Analizin Sonucu ve Taraflar İçin Çıkarımlar
Bu karar, sözleşmenin uyarlanması taleplerinde mahkemelerin "öngörülemezlik" unsurunu ne kadar dar yorumladığını göstermesi açısından önemlidir.
İdareler İçin Çıkarımlar: İdareler, ihale dokümanlarında ve sözleşmelerde fiyat farkı verilip verilmeyeceğini net bir şekilde belirtmelidir. Personel çalıştırılmasına dayalı olmayan hizmet alımlarında, "fiyat farkı verilmeyecektir" hükmü, sonradan ortaya çıkabilecek maliyet artışlarına dayalı uyarlama taleplerine karşı idareyi güçlü bir hukuki pozisyona sokmaktadır.
Yükleniciler İçin Çıkarımlar: Yükleniciler, özellikle fiyat farkı öngörülmeyen uzun süreli hizmet alım ihalelerine teklif verirken, asgari ücret, enflasyon ve diğer maliyet artışlarını bir risk unsuru olarak dikkatle değerlendirmeli ve tekliflerini bu riskleri kapsayacak şekilde oluşturmalıdır.
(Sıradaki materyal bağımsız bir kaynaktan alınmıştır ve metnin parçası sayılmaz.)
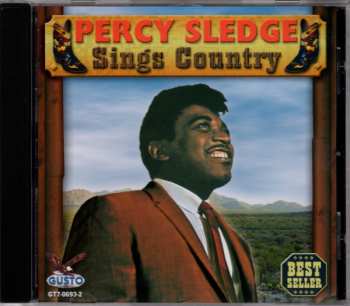 CD Percy Sledge: Sings Country 585485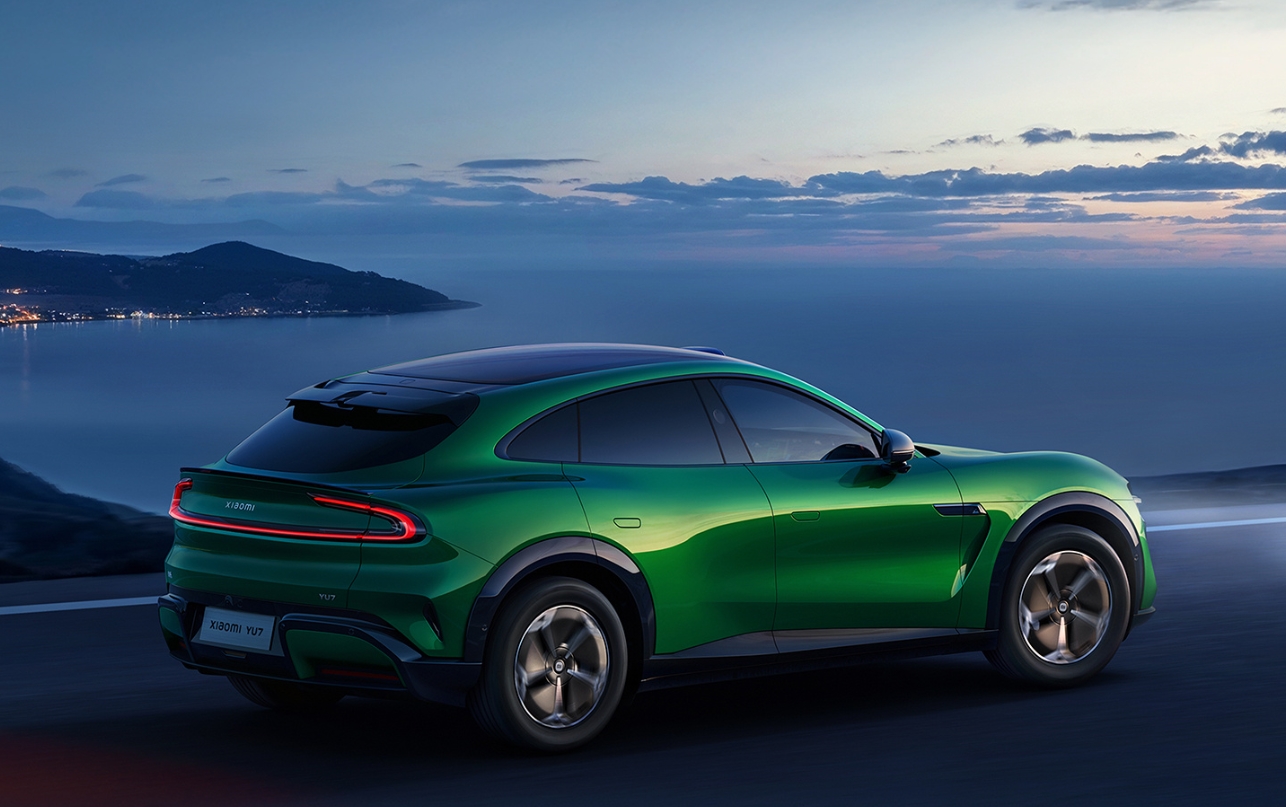 小米YU7刚向特斯拉Model Y“宣战” 小鹏G7又来了 三款车该咋选？
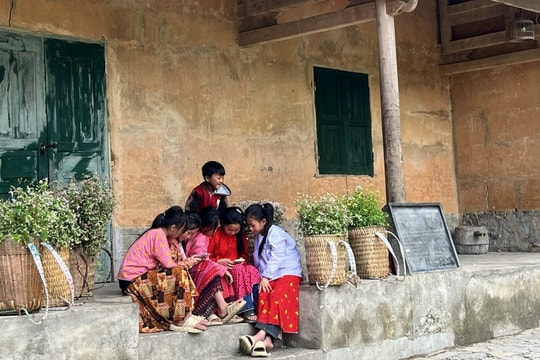 Nâng cao chất lượng con người yếu tố then chốt trong giảm nghèo bền vững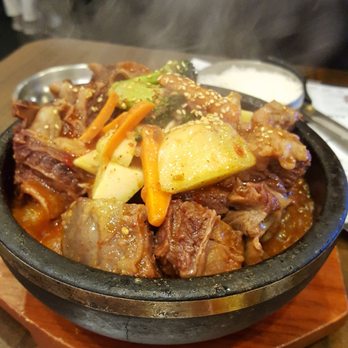 Kunjip - Galbi jim, you HAVE to get this - Korean Near Me - Santa Clara, California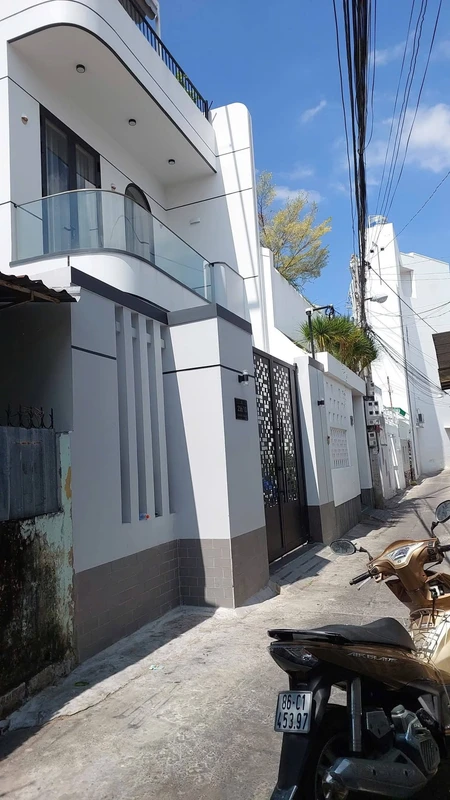 Bán nhà 1 trệt 1 lầu xanh 149m² Phú Thuỷ Phan Thiết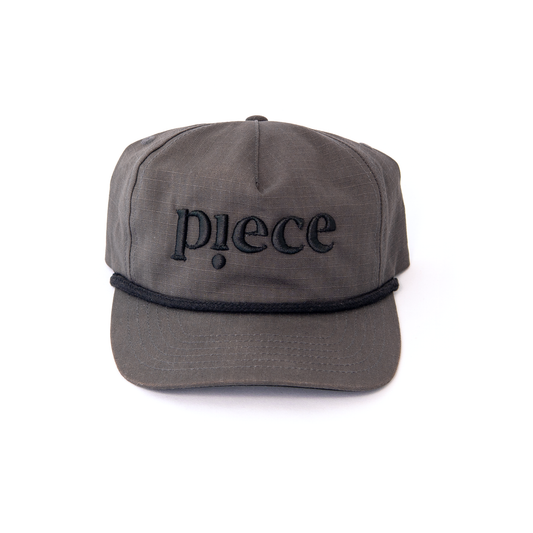 Piece Logo Rope Hat (Pavement)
Asgari ücret artışının beklenenin üzerinde olmasının, tek başına TBK 138. madde kapsamında bir uyarlama hakkı doğurmayacağı göz önünde bulundurulmalıdır. "Basiretli bir tacir" olarak hareket etme yükümlülüğü, bu tür ekonomik riskleri öngörmeyi de içerir. Aşırı ifa güçlüğü iddiasının kabul edilme olasılığı, özellikle sözleşmede fiyat farkı verilmeyeceği açıkça belirtilmişse, oldukça düşüktür.